# A beam of light passes from zircon to quartz at an incident angle of 8°. What is the angle of refraction?

Jan 4, 2017

${9.4}^{\circ}$, rounded to one decimal place.

#### Explanation:

Refractive index of Zircon and Quartz varies as below

Zircon: $1.81 - 2.024$
Quartz: $1.544 - 1.553$

For this problem the refractive indices of samples are assumed as lowest.
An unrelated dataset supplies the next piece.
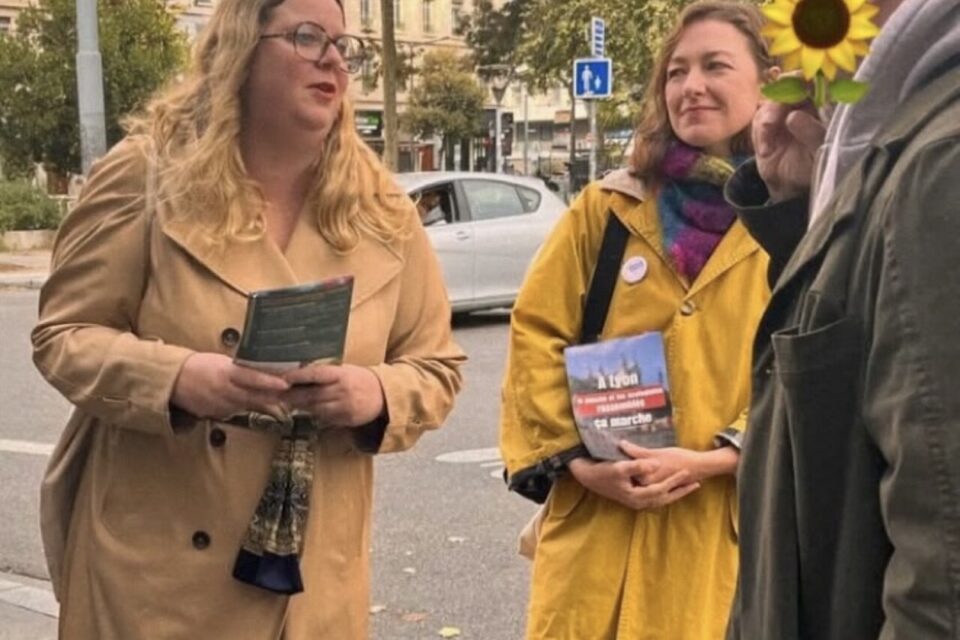 Des militants écologistes avec la maire du 7e Fanny Dubot sur un marché ce week-end.
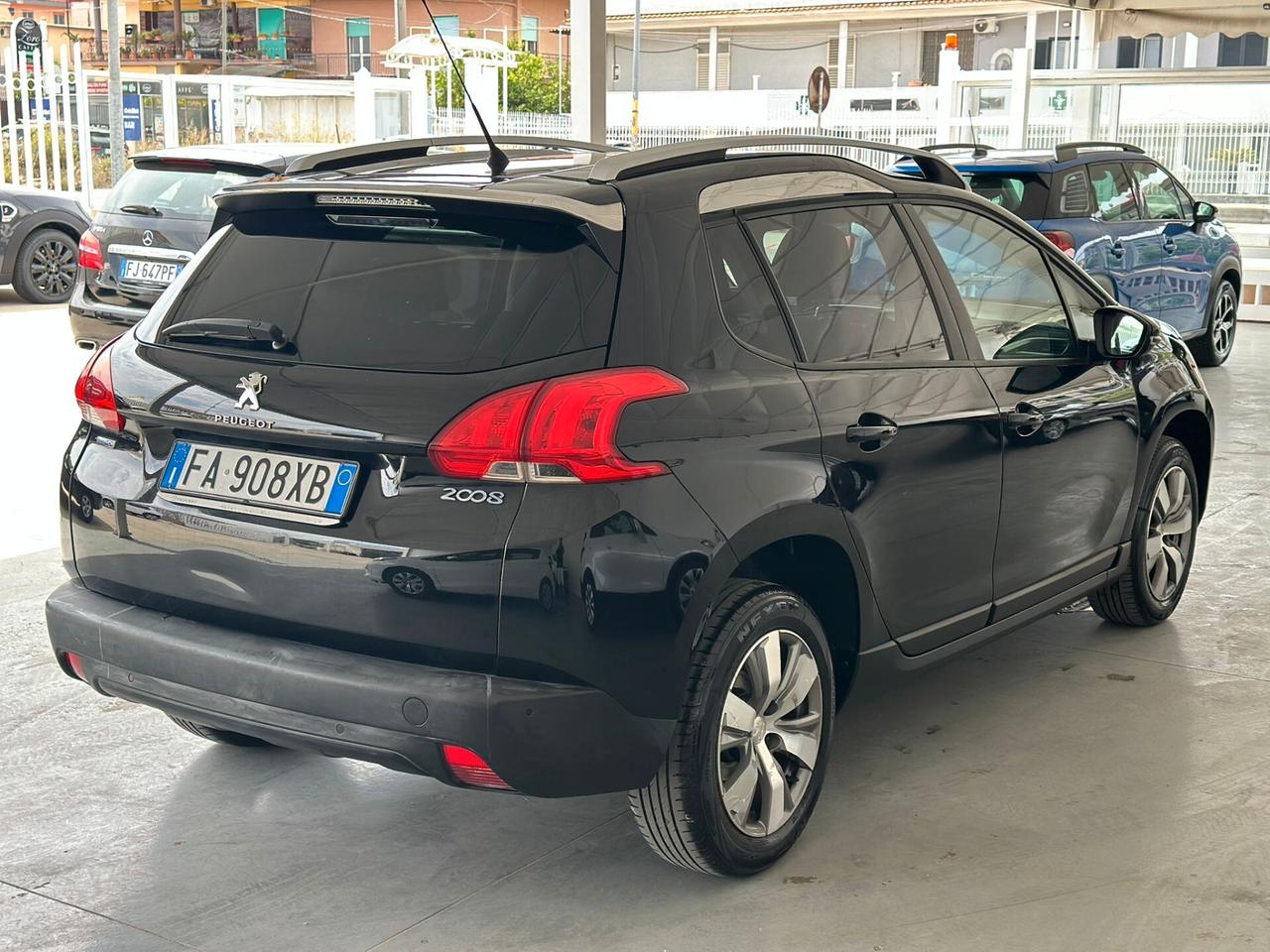Peugeot 2008 BlueHDi 100 Black Matt 2015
From Snell's law we know that when a beam passes from a medium $1$ having refractive index ${n}_{1}$ making and angle ${\theta}_{1}$ to medium $2$ having refractive index ${n}_{2}$, angle of refraction ${\theta}_{2}$ is given by the equation

${n}_{1} \sin {\theta}_{1} = {n}_{2} \sin {\theta}_{2}$

Inserting given values we get

$1.81 \sin {8}^{\circ} = 1.544 \sin {\theta}_{2}$
$\implies \sin {\theta}_{2} = \frac{1.81 \sin {8}^{\circ}}{1.544}$
$\implies {\theta}_{2} = {\sin}^{-} 1 \left(\frac{1.81 \sin {8}^{\circ}}{1.544}\right)$
$= {9.4}^{\circ}$, rounded to one decimal place.